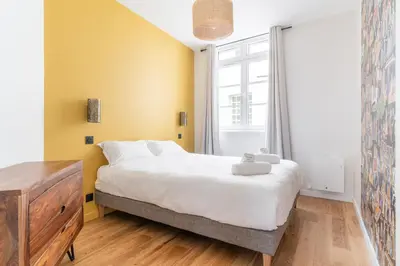 Un ou plusieurs lits dans un hébergement de l'établissement Appartement Central et Calme avec Magnifique Vue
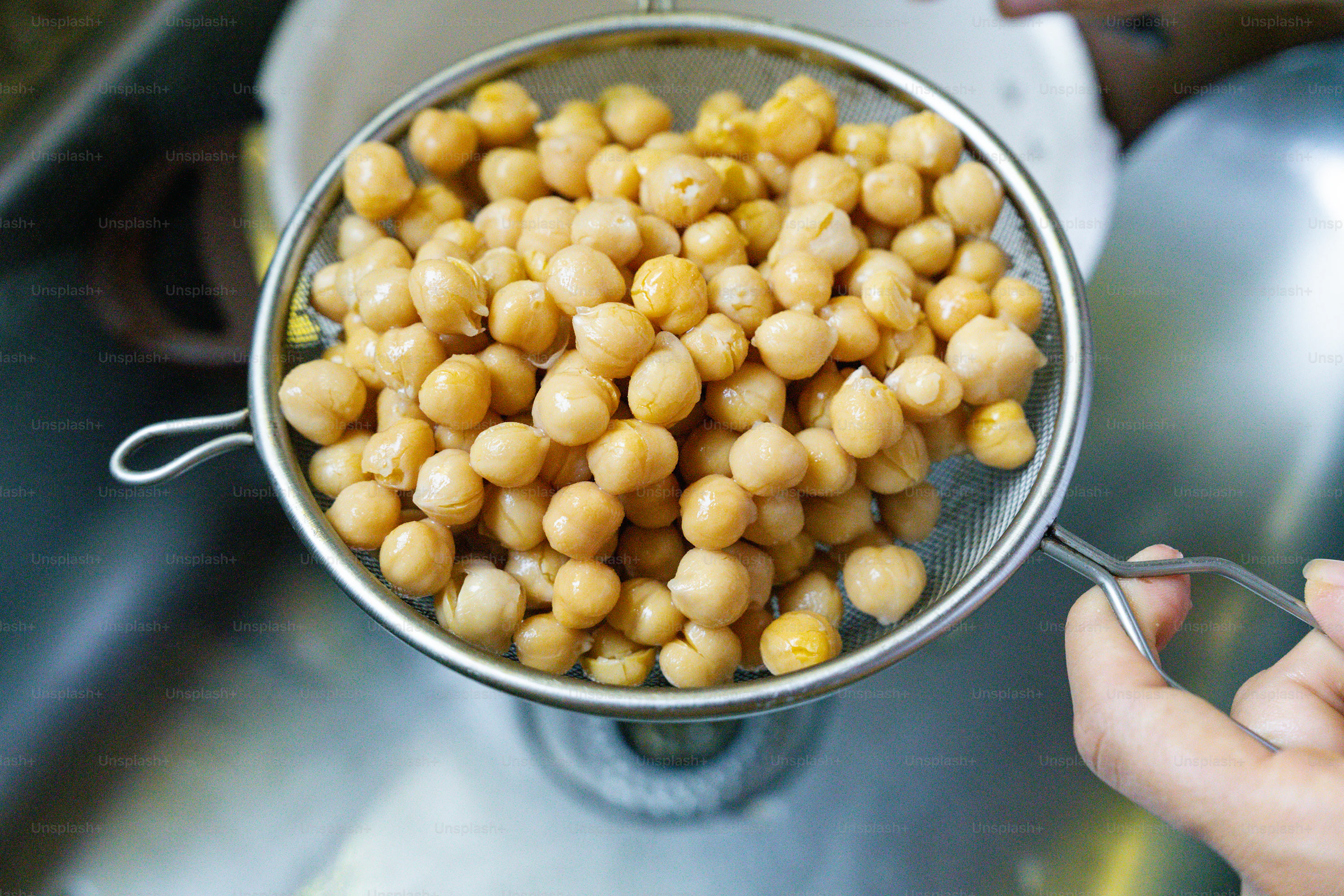 A person holding a metal bowl filled with chickpeas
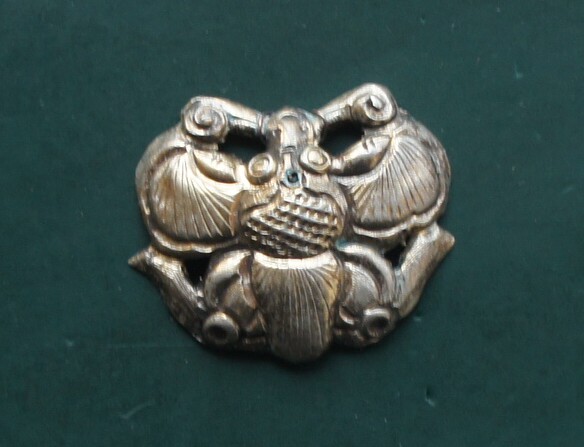 An old silver gilt butterfly flower ornament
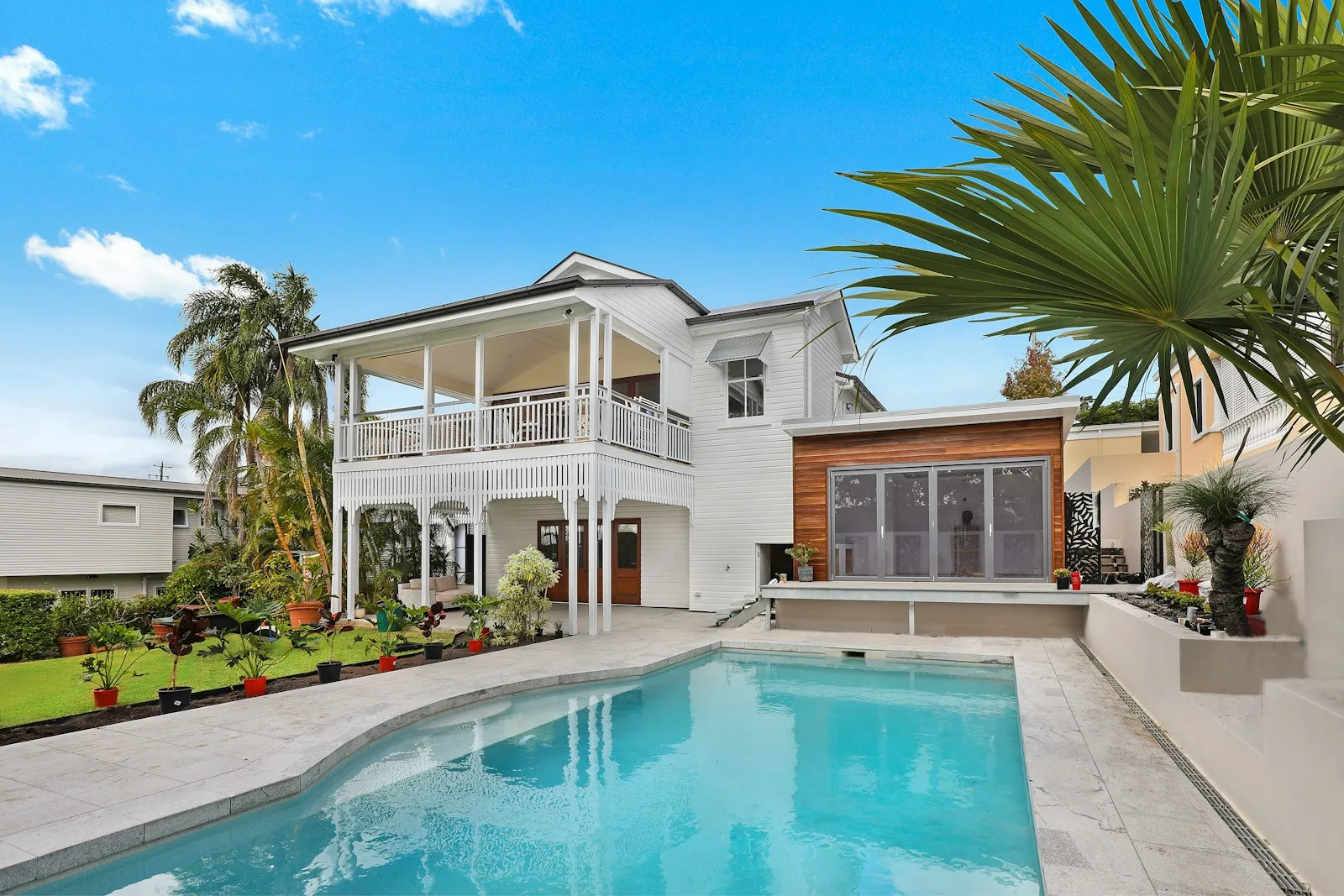 Estate home with a pool and tennis court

PROBLEM TO SOLVE → Transcribe the material exactly, keeping every word and none of the pictures.

SOLUTION TO THIS PROBLEM →
 Un ou plusieurs lits dans un hébergement de l'établissement Appartement Central et Calme avec Magnifique Vue
 A person holding a metal bowl filled with chickpeas
 An old silver gilt butterfly flower ornament
 Estate home with a pool and tennis court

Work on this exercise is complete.